» THE PROBLEM: With the pictures left out, please write out exactly each line from the one containing "ReBranding APICS PowerPoint PPT Presentation" through the end of the material.

» DATA FOR THE TASK:
# # #
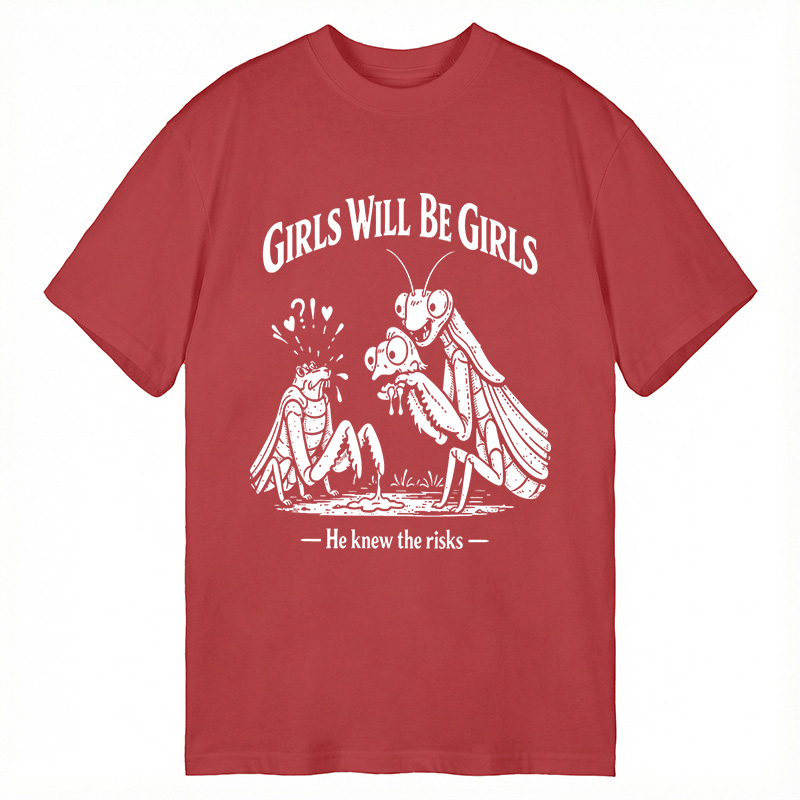 Modecanvas Girls Wil Be Girls He Knew The Risks DTG Printing Classic T-Shirt-modecanvas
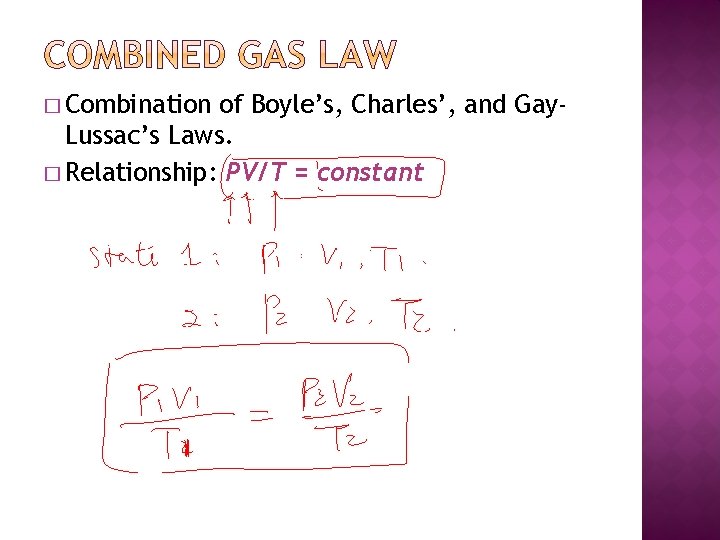 � Combination of Boyle’s, Charles’, and Gay. Lussac’s Laws. � Relationship: PV/T = constant
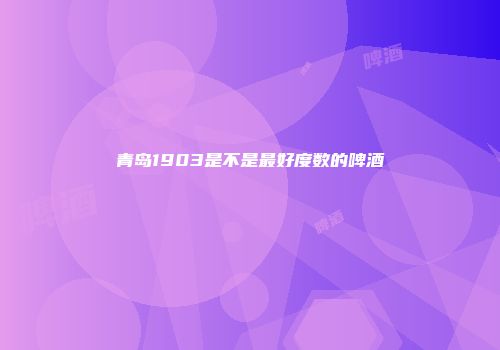 青岛1903是不是最好度数的啤酒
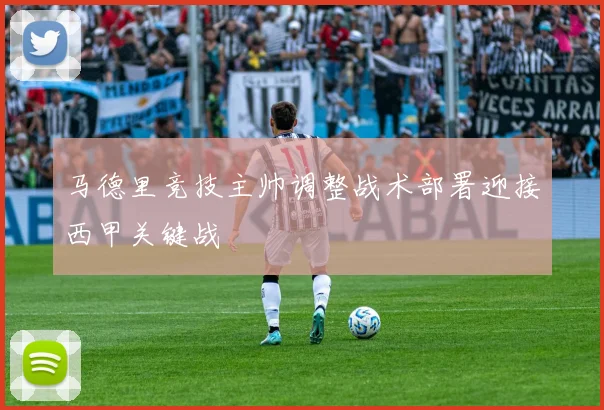 马德里竞技主帅调整战术部署迎接西甲关键战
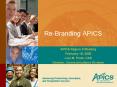 ReBranding APICS PowerPoint PPT Presentation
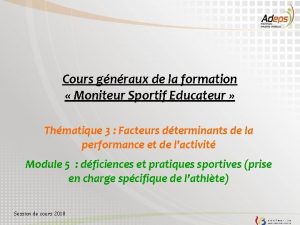 Cours gnraux de la formation Moniteur Sportif Educateur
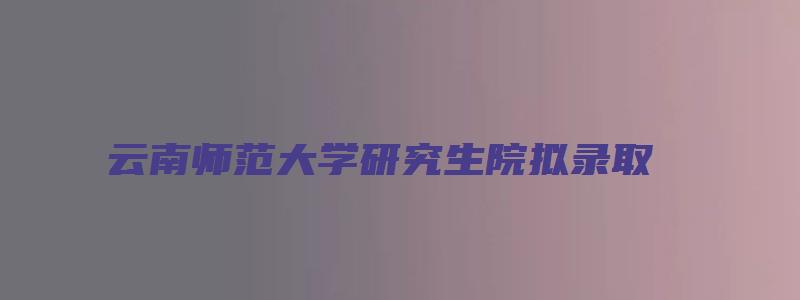 云南师范大学研究生院拟录取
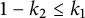 1 minus k 2 less than or equals k 1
# # #
» YOUR RESPONSE:
 ReBranding APICS PowerPoint PPT Presentation
 Cours gnraux de la formation Moniteur Sportif Educateur
 云南师范大学研究生院拟录取
 1 minus k 2 less than or equals k 1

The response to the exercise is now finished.